プローブを動かしていると、白く丸い曲線が表れる。画面では全容が映らない大きさのそれに、ゆっくりプローブを動かせばどことなく凸凹のある様子に、昂志の目が釘付けになった。
「うん、赤ちゃん順調に育っているようだね」
「……赤、ん坊?」
先生の言葉に目を見開いた昂志がそう呟いた瞬間、白く丸いものから細長いものが出ているのが映る。
「!!」
それは、小さな小さな手だった。よく見れば、凸凹は頭と身体だ。白と黒しか色がない映像では顔もはっきり分からないが、握り拳を作っているように黒い画面の中でも見てとれ、機械の小さな起動音以外は静かな診察室に昂志の息を呑む音が響く。
「昂志?」
喉を鳴らして硬直したまま微動だにしない昂志に、俺は診察台の上から目だけを動かし様子を窺おうと見上げた。
「……た、かし?」
見上げた先、目の前にあるものが信じられなくて俺も目を見開く。
昂志は、泣いていた。
頬を伝い落ちる涙は静かで、一瞬自分の見間違いではないかと疑うが、指先に落ちてきた雫に見間違いでも幻覚でもない現実だと知る。
普段はきつくつり上がったその眼から、昂志はハラハラと涙を流していた。
「……昂志」
赤ちゃんのエコー画像に釘付けになっている昂志の指先に、そっと手を伸ばす。
よく分からないけど、昂志の手を握りたくなった。
手を伸ばした先、その指先に触れた瞬間、昂志の手に逆に握りこまれ驚く。
「ありがとう」
「!」
一言。
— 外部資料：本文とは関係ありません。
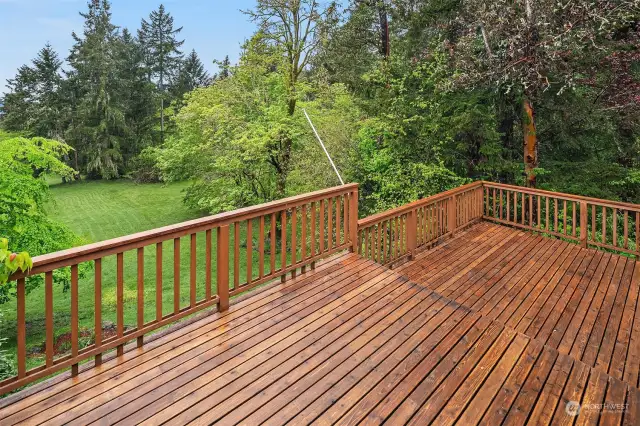 Large deck off main floor living room with SW views overlooking green pasture, forest and sunset skies.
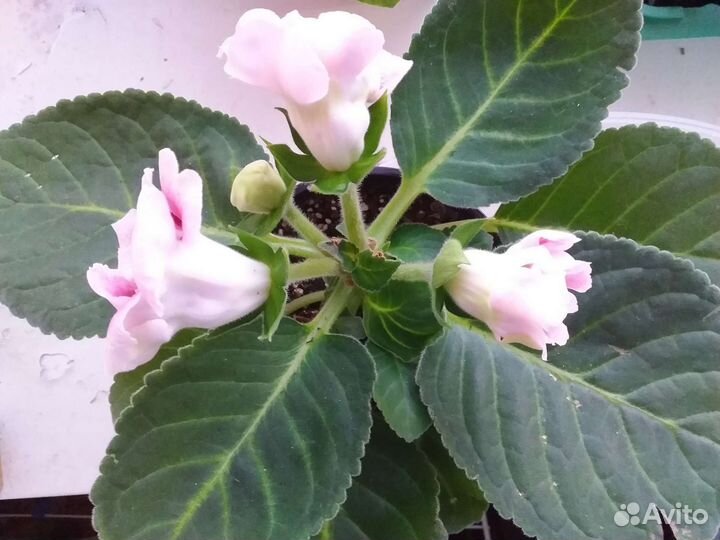 Глоксиния махровая цветущая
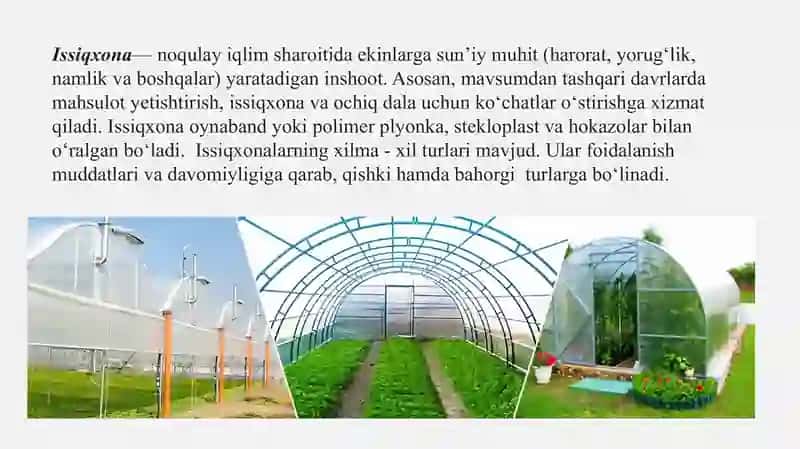 Issiqxona samarasi 3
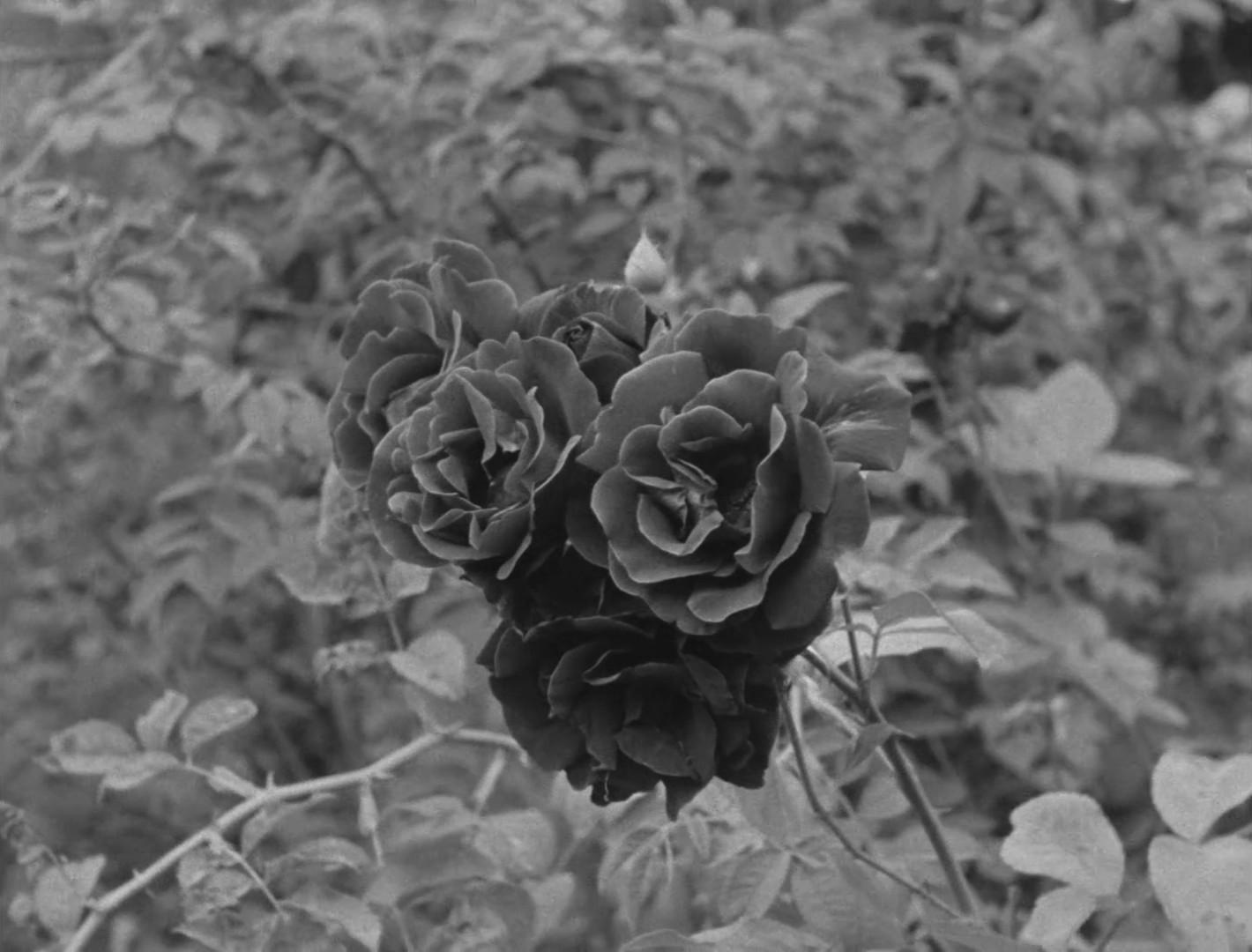 Knock Out Ginger (2014) —  shot,  lighting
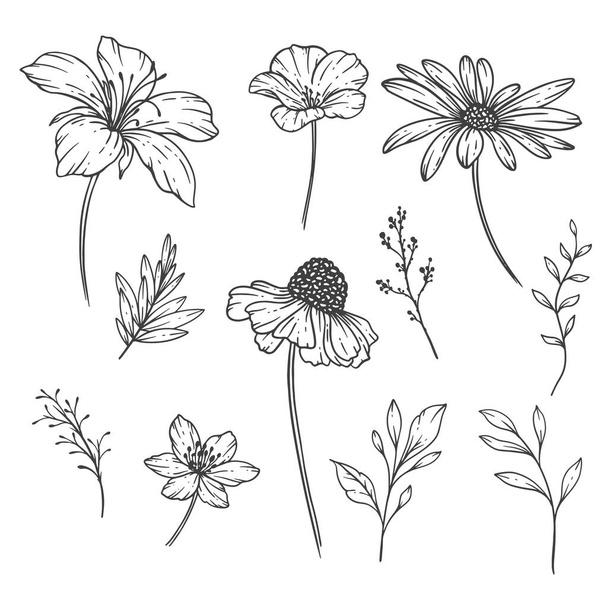 Wildflowers Line Art, Fine Line Wildflower csokrok kézzel rajzolt illusztráció. Színezés oldal virágokkal. - Vektor, kép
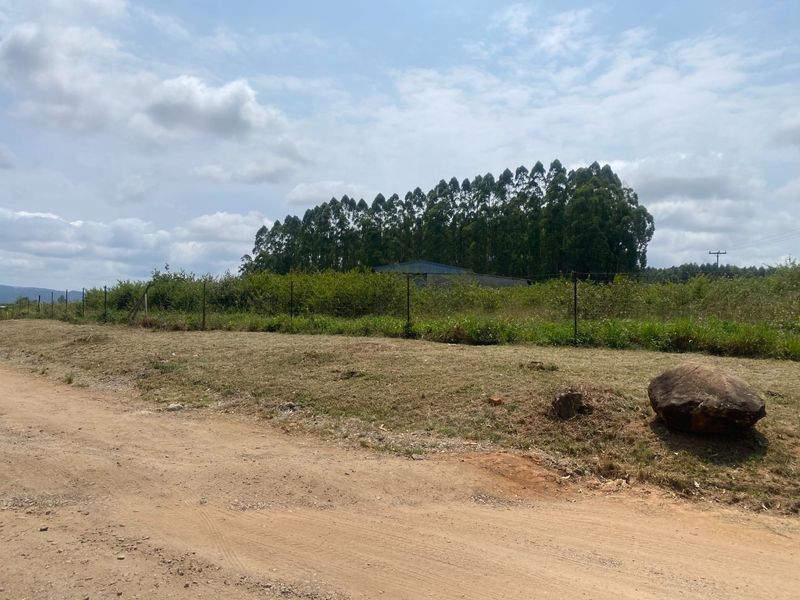 A view of the property frontage featuring a dirt road access and perimeter wire fencing with mature trees in the background.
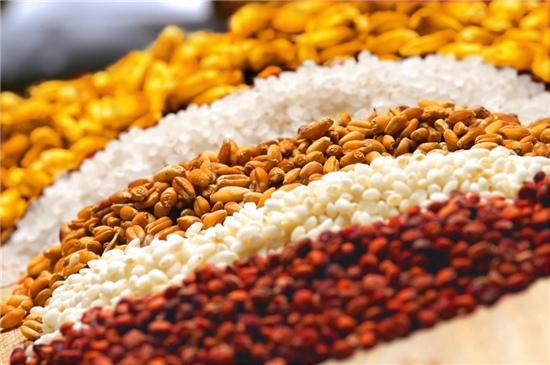 佳酿常“香”伴霜降好“食”光麻将胡了模拟器试玩五粮液:(图2) 佳酿常“香”伴霜降好“食”光麻将胡了模拟器试玩五粮液:(图2)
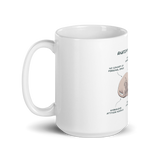 "ANATOMY OF A SPHYNX CAT" COFFEE MUG from ReNewedPet
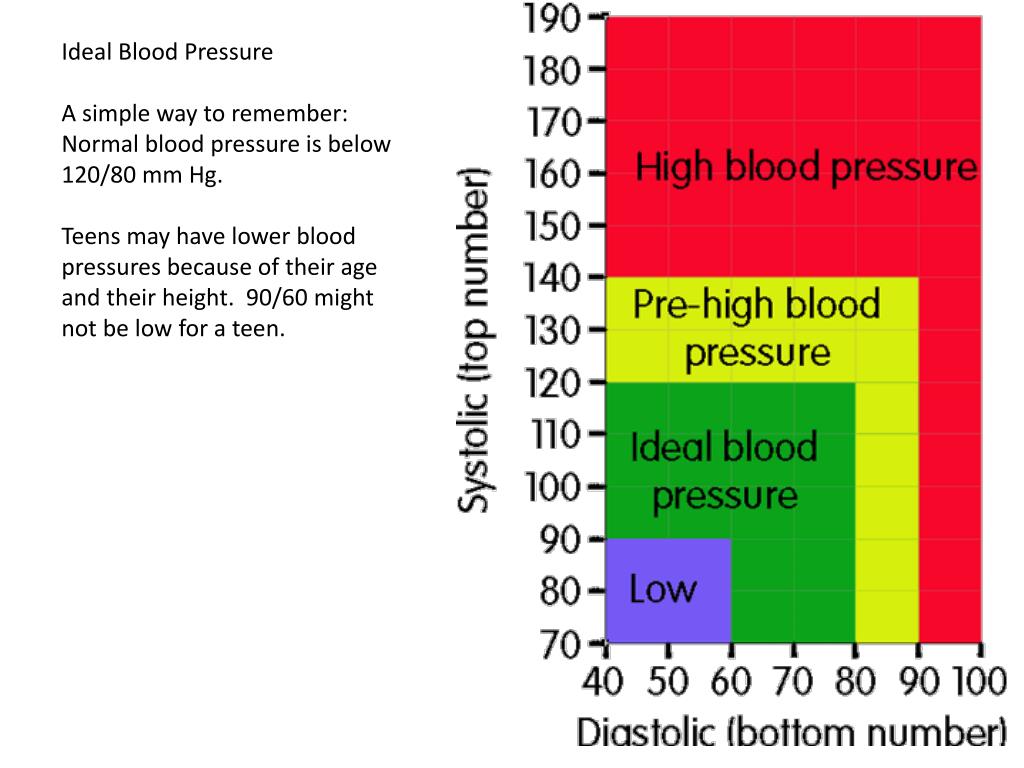 PPT BLOOD PRESSURE BASICS PowerPoint Presentation, free download ID6057423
それは、たった一言だった。
けれど、昂志が何を言いたいかそれだけで分かってしまい、俺の視界も歪む。
「……っ本当に、ありがとう」
「……、っ」
ぎゅっ、と左手を両手で握られ、俺は声もなく何度も頷いた。
確かに始めは赤ちゃんを産むかどうするか悩んだ。諦めないといけないものが多すぎたから。でも本来なら諦めないといけなかったものを、全部ではないけどお前は俺に与えてくれた。当たり前のものじゃないのに、当たり前みたいに。だから今、俺は赤ちゃんを産もうと決心してよかったと思えるんだ。相手が、お前だから。